ANABIO-CIA BASILICATA: RILANCIARE L’AGRICOLTURA BIOLOGICA


Con circa il 12 per cento della superficie agricola utilizzata destinata ad agricoltura biologica (poco meno di 100 mila ettari) e 1.500 aziende agroalimentari che adottano metodi di produzione biologica (dati al 2011), la Basilicata si colloca fra le regioni con il più elevato e variegato potenziale, dati i diversi orientamenti produttivi delle aziende convertite. Ma anche per il bio, come per le produzioni agricole di qualità, non è tutto oro quello che luccica e diventa sempre più necessario adeguare azioni e programmi per competere sul mercato del “target alimenti biologici”, l’unico tra quelli alimentari che non conosce crisi. E’ questo il contributo di Anabio-Cia lucana (Associazione nazionale agricoltura biologica) Basilicata all’assemblea nazionale che si è svolta a San Venanzo (Terni).

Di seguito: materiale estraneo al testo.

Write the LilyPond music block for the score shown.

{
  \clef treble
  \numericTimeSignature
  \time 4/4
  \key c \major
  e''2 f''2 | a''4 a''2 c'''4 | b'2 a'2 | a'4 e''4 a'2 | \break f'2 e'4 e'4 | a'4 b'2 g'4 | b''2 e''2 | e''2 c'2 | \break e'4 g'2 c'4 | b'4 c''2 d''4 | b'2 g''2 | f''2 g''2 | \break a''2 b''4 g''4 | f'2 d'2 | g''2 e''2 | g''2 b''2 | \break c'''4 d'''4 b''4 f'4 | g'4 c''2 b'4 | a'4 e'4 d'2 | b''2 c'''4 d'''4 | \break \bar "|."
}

L'evoluzione degli operatori interessati a questo metodo di produzione è imputabile a vari fattori: il principale, quando gli incentivi economici derivanti dall'applicazione della Politica agricola comunitaria non sono interessanti, è l’opportunità che offre la certificazione biologica di mantenere o conquistare nuovi spazi di mercato. La distribuzione territoriale delle aziende e è abbastanza ramificata e coinvolge tutto il territorio regionale, con concentrazioni maggiori dove le possibilità di commercializzazione e valorizzazione delle produzioni sono più frequenti (per esempio nel Metapontino) ed in quelle aree ove il sostegno finanziario della nuova Pac al metodo biologico ed a particolari colture sono maggiori, come è stato, ad esempio, il caso dei cereali nelle colline materane. Si evince, quindi, il passaggio alla fase di “maturità”, sia dei produttori che del mercato, con una selezione “fisiologica” di chi garantisce le migliori prestazioni.

Alcuni imprenditori lucani si sono resi conto che il mercato del bio non è più una piccola nicchia e rappresenta l’unico segmento dell’agroalimentare italiano con tendenza alla crescita.

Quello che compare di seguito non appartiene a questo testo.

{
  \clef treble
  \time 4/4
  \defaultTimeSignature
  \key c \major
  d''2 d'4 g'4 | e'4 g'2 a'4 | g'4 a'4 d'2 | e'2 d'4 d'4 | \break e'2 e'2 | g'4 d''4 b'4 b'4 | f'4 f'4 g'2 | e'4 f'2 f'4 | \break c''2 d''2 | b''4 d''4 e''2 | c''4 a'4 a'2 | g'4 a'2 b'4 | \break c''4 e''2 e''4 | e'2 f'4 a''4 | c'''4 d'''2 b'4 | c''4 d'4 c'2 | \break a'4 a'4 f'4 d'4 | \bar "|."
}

La proposta di riforma della Pac che accompagnerà il mondo agricolo comunitario fino al 2020 -sostengono i dirigenti lucani di Anabio-Cia- tende ad accrescere la rilevanza degli aspetti ambientali nel sostegno al settore primario, rafforzando di fatto anche il ruolo dell’agricoltura biologica.

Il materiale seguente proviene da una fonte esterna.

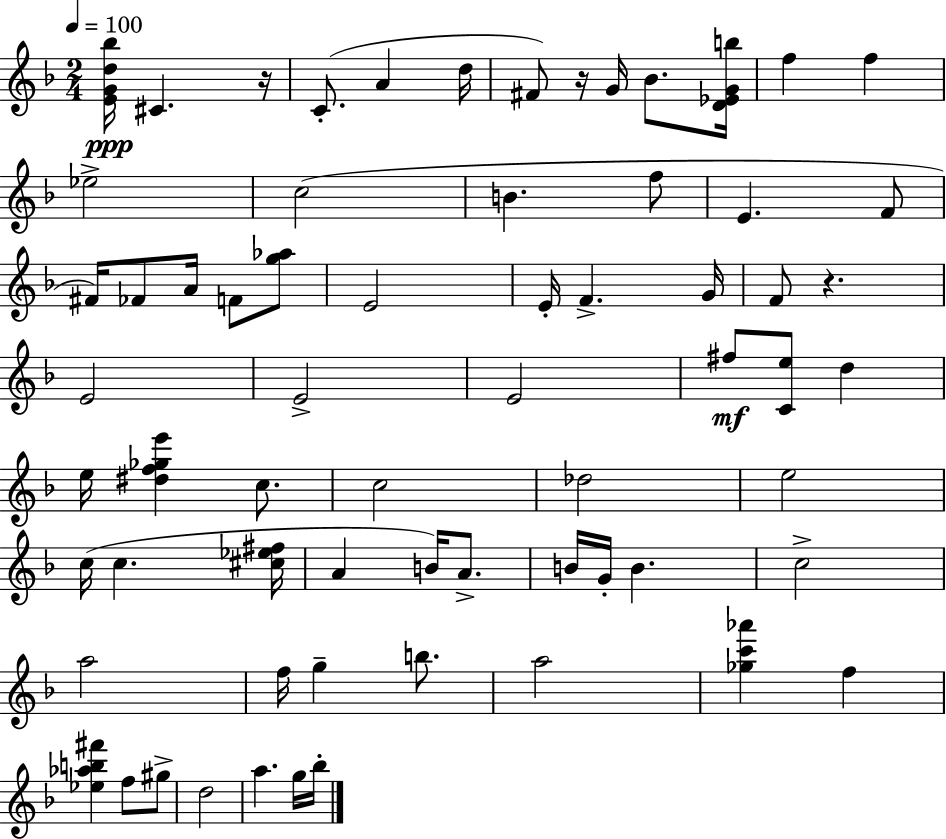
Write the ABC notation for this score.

X:1
T:Untitled
M:2/4
L:1/4
K:F
[EGd_b]/4 ^C z/4 C/2 A d/4 ^F/2 z/4 G/4 _B/2 [D_EGb]/4 f f _e2 c2 B f/2 E F/2 ^F/4 _F/2 A/4 F/2 [g_a]/2 E2 E/4 F G/4 F/2 z E2 E2 E2 ^f/2 [Ce]/2 d e/4 [^df_ge'] c/2 c2 _d2 e2 c/4 c [^c_e^f]/4 A B/4 A/2 B/4 G/4 B c2 a2 f/4 g b/2 a2 [_gc'_a'] f [_e_ab^f'] f/2 ^g/2 d2 a g/4 _b/4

Da una prima lettura dei documenti relativi alla nuova Pac, emerge come il panorama che si presenta per le aziende biologiche sia complessivamente positivo, sebbene sia necessario attendere gli sviluppi delle contrattazioni a livello europeo e la stesura definitiva dei regolamenti comunitari per poter dare un giudizio definitivo in merito.